A good SLOG can turn “random 8K sync write latency of 10–20ms” into “sub-millisecond to a few milliseconds,” which is the difference between “fine” and “why is the UI freezing.”

3) Databases that actually rely on fsync()

Some database workloads are dominated by durable commit latency. If the database is correctly configured to require durability (and you want that), you’re in sync land.
A fast, safe SLOG can reduce commit latency variance—variance is what causes tail latency spikes and user-visible stalls.

4) You have a slow main pool that you can’t rebuild yet

Sometimes you inherit a pool that’s “RAIDZ2 on nearline HDDs” because someone optimized for cost per terabyte and forgot that latency is also a cost.
An NVMe SLOG can be a tactical bandage: it reduces the pain for sync-heavy consumers while you plan the real fix (more vdevs, mirrors, special vdevs, or a different architecture).

5) You need predictable durability under load

The best SLOG devices aren’t just fast; they’re consistent. Sync write performance is about tail latency as much as it is about average latency.
Commodity SSDs can look great until they hit an internal garbage collection or a write cliff, and then your “durable write” suddenly takes 50ms. Users notice.

When SLOG is overkill

1) Your workload is mostly async writes

File copies, media ingest, backups that stream sequentially, object storage writes that batch, analytics pipelines that buffer—these typically don’t block on sync commits.
ZFS will soak a lot of that into ARC and flush on TXG boundaries. A SLOG won’t enter the room.

2) You’re actually read-bound or metadata-bound

The classic misdiagnosis: “storage is slow” when the bottleneck is cache misses, too few vdevs, or metadata scattered across HDDs.
You might need more mirrors, a special vdev for metadata/small blocks, more RAM for ARC, or better recordsize tuning. None of those are a SLOG.

3) You can (and should) fix the sync requirement instead

Sometimes the correct move is policy, not hardware: do you really need sync on that dataset? Are you exporting NFS with sync because “that’s what we always do,” while the data is non-critical and already replicated?
If you can tolerate a small window of loss on crash, setting sync=disabled on the right dataset gives you a larger speedup than any SLOG. It also increases risk. Don’t do it casually.

4) You don’t have power-loss protection, so you’re “fast but lying”

A SLOG’s entire job is to make sync writes safe.

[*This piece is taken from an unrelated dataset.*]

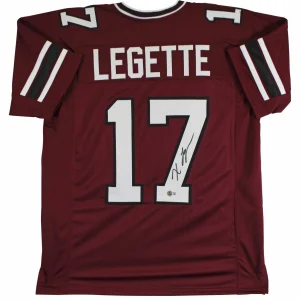 South Carolina Xavier Legette Signed Maroon Pro Style Jersey BAS Witnessed 2
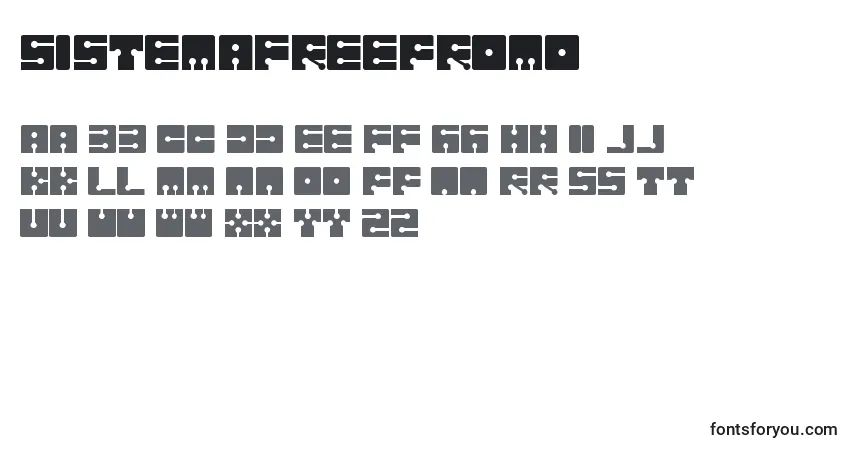 SistemaFreePromo Font – alphabet, numbers, special characters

If your device lies about flushes, or loses data on power loss, you can end up acknowledging durable writes that never made it. That’s not a performance bug. That’s corruption with a good marketing budget.

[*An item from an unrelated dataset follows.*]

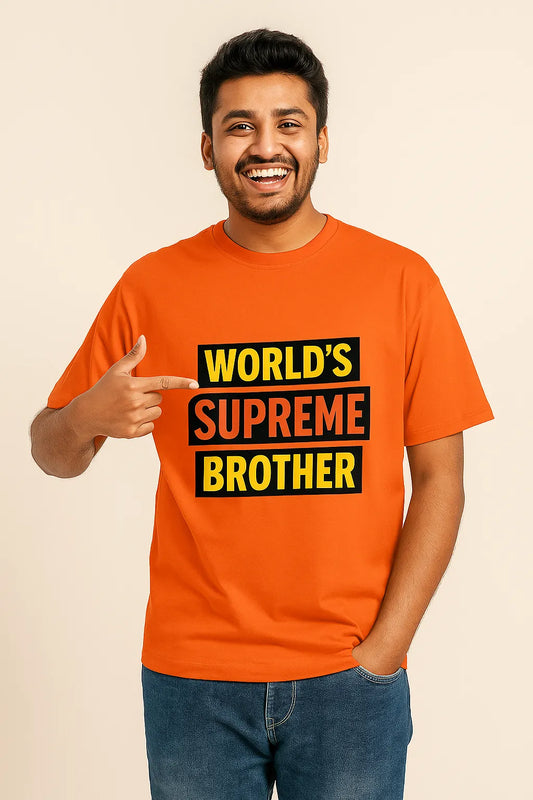 💙 World Supreme Brother - Man's T-Shirt 💙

5) Your pool is already fast enough for sync

If you’re on all-mirror SSDs with solid latency and your sync write bottleneck is already small, the marginal gains from a SLOG can be hard to justify.
Measure first. If p99 sync lat is already in the low single-digit milliseconds and the workload is not complaining, you have better places to spend your complexity budget.

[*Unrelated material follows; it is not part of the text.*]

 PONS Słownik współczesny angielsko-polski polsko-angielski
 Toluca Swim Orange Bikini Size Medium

Interesting facts and history that change decisions

  1. ZFS was born at Sun in the mid-2000s with an explicit focus on end-to-end integrity: checksums, copy-on-write, and transactional semantics weren’t afterthoughts.
  2. The ZIL exists on every pool whether you add a SLOG or not. The “separate” part is optional; the intent log is not.
  3. SLOG writes are usually short-lived: ZIL entries are replay material for crashes, not a long-term journal like ext4’s. They’re discarded after the TXG commits.
  4. Early “SSD as log” guidance came from the era when HDD pools were common and SSDs were expensive; the performance delta for sync writes was massive and obvious.
  5. Power-loss protection (PLP) became the dividing line between “consumer SSD seems fine” and “enterprise SSD is boringly correct.” ZIL correctness depends on honest flush behavior.
  6. SLOG doesn’t need big capacity because it only needs to hold a small window of outstanding sync writes—typically seconds—until TXG commit.
  7. Mirroring a SLOG is about availability, not speed: if the SLOG dies, the pool can keep running, but you lose the fast path for sync writes (and you may have a risk window during replacement).
  8. NVMe changed the conversation by making low latency accessible, but it also made it easy to buy the wrong device: consumer NVMe is fast, but PLP and consistent latency are the hard parts.
  9. ZFS’s “sync=disabled” is infamous because it can make benchmarks look heroic while quietly changing durability guarantees. It’s not a free lunch; it’s a different contract.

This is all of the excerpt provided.